When a line of the entries below contains "Quick", it counts once; state how many such lines there are and nothing else.

**Record set:**
BEGIN

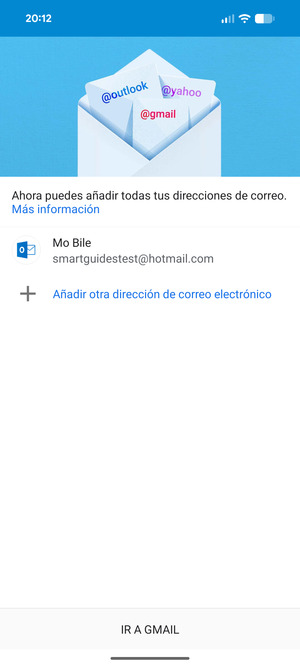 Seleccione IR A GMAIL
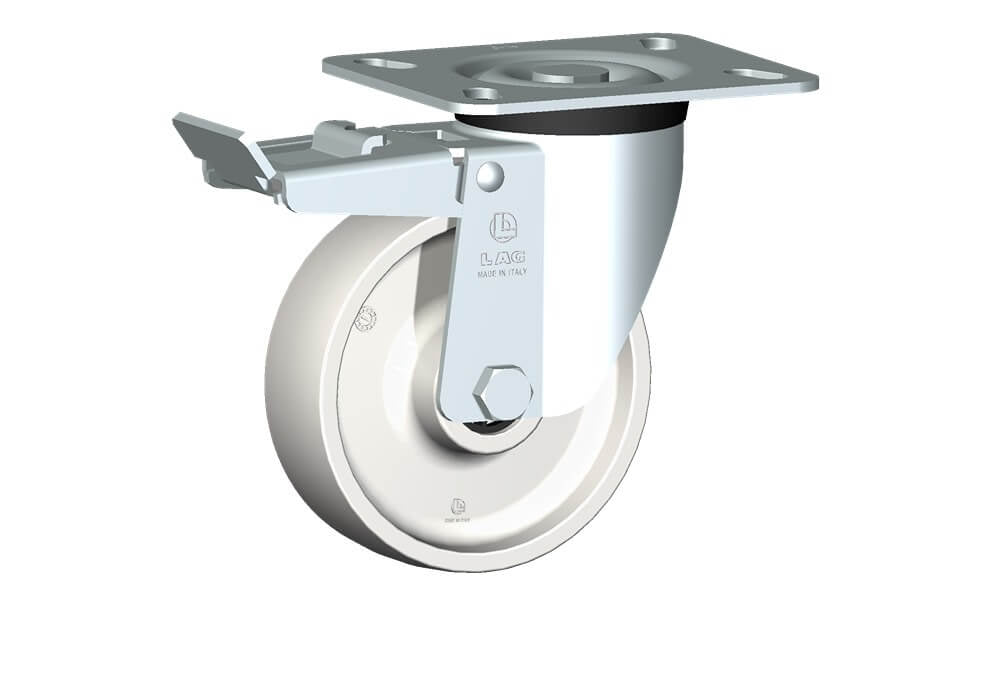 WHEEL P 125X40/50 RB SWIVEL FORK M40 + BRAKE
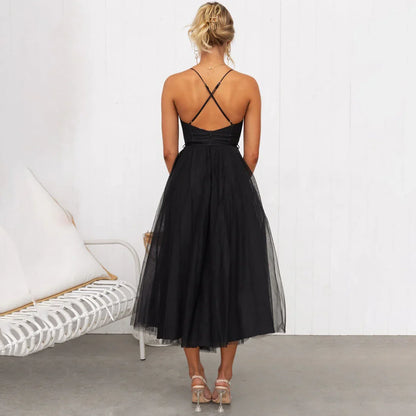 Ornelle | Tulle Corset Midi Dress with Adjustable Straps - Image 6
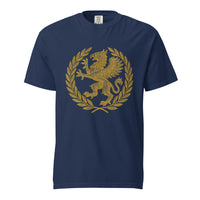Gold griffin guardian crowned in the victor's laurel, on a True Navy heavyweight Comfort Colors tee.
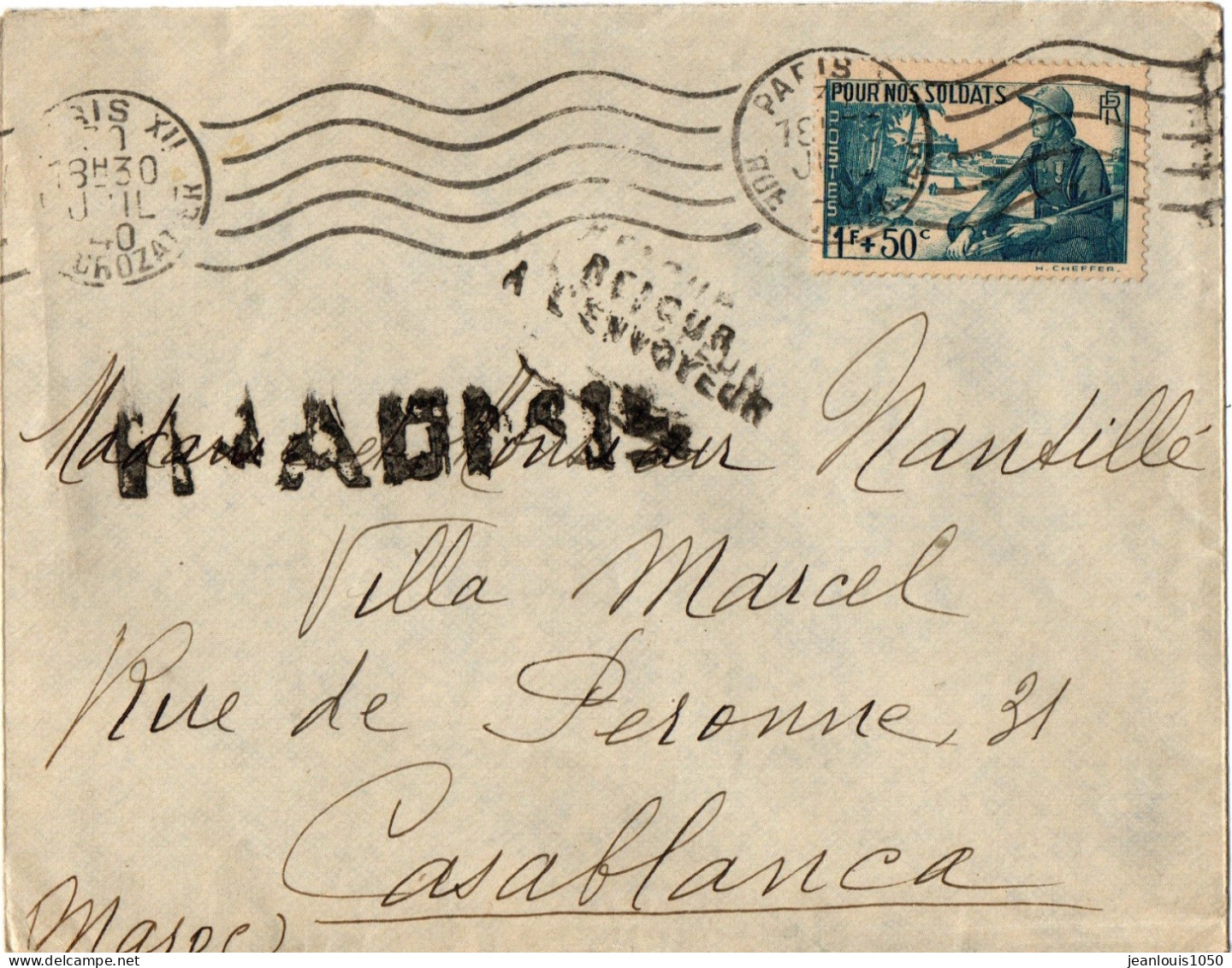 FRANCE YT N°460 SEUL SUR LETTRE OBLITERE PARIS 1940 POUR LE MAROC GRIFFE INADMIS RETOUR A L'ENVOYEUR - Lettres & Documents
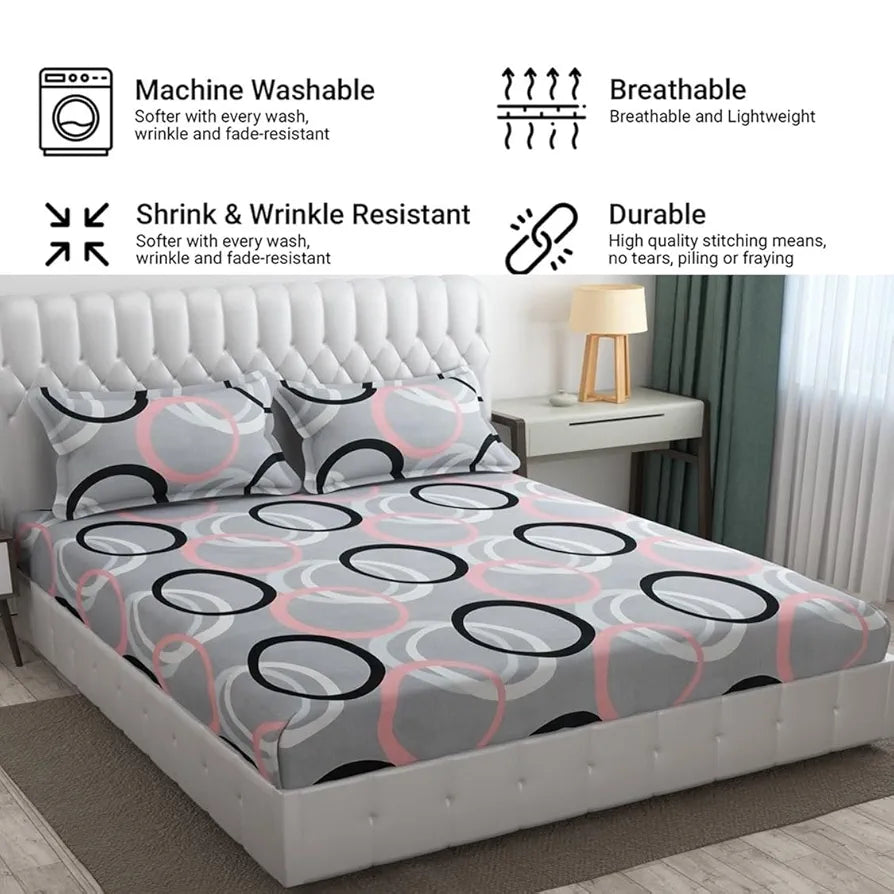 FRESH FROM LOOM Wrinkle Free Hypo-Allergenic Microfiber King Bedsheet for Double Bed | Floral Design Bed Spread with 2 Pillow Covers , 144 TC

END
BEGIN

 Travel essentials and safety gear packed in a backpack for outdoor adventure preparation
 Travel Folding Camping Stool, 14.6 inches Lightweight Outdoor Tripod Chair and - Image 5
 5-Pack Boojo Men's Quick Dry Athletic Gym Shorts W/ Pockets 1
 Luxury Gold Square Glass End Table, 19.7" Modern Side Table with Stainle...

END
BEGIN

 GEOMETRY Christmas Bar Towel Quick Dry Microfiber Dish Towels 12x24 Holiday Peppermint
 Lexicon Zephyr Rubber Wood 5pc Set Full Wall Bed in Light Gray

END

**Response area:** 2